- TASK DIRECTIONS
Leave every image out, and return the rest of the data word for word.

- SUPPLIED DATA
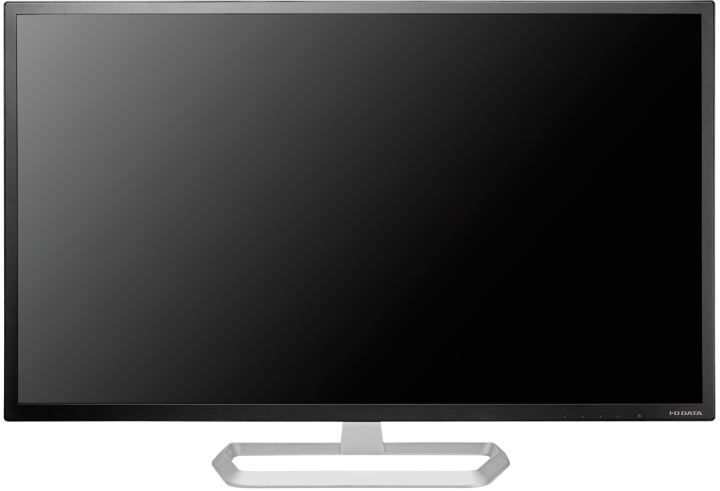 LCD-MQ322XDB-A [31.5インチ ブラック]の画像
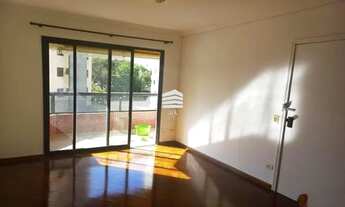 Imagem 5: Apto 104m² na Vila Clementino - 3 dorms, 2 vagas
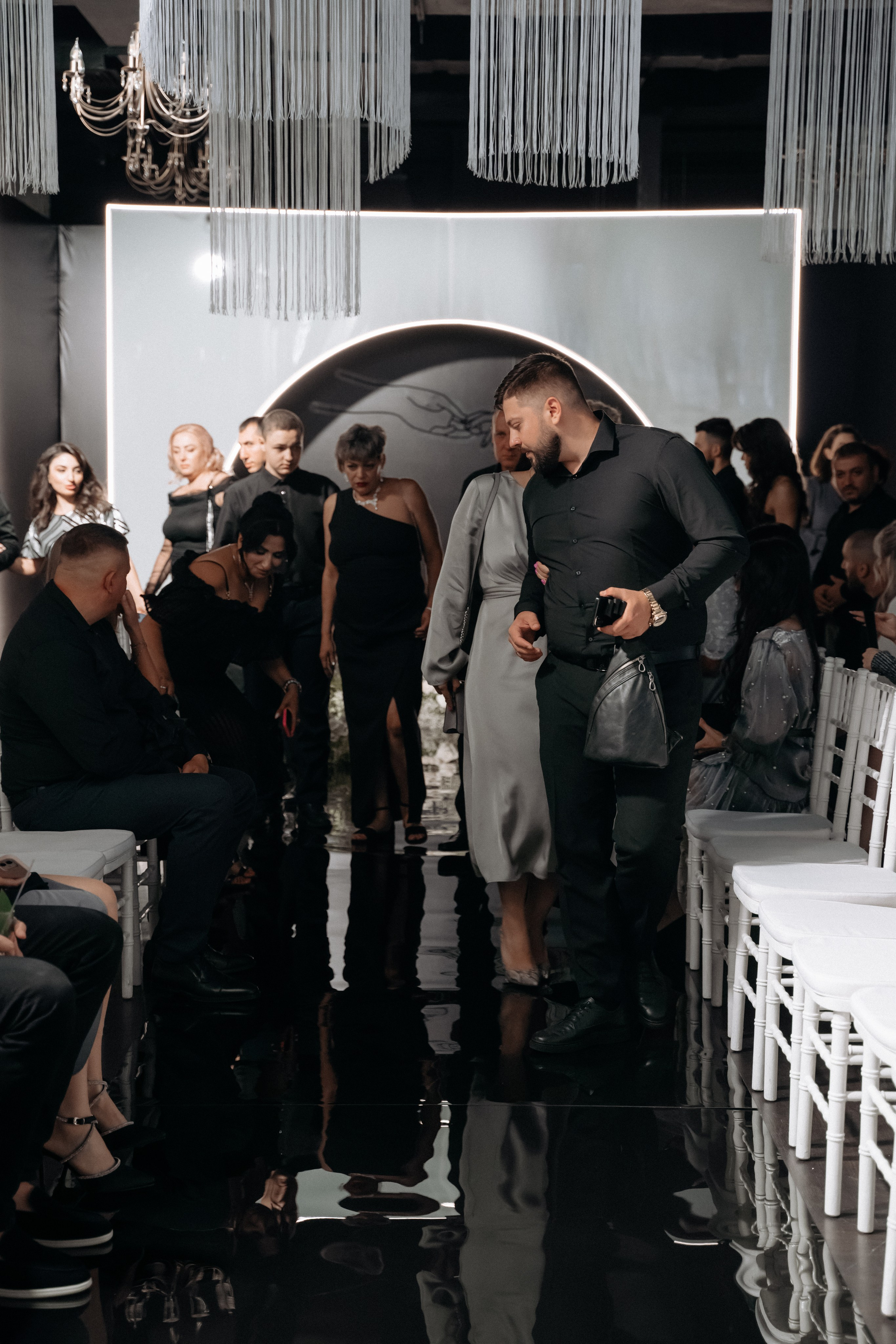 Леся и Антон. Свадебный и семейный фотограф в Новосибирске Наталья Зорина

- ANSWER SPACE
 LCD-MQ322XDB-A [31.5インチ ブラック]の画像
 Imagem 5: Apto 104m² na Vila Clementino - 3 dorms, 2 vagas
 Леся и Антон. Свадебный и семейный фотограф в Новосибирске Наталья Зорина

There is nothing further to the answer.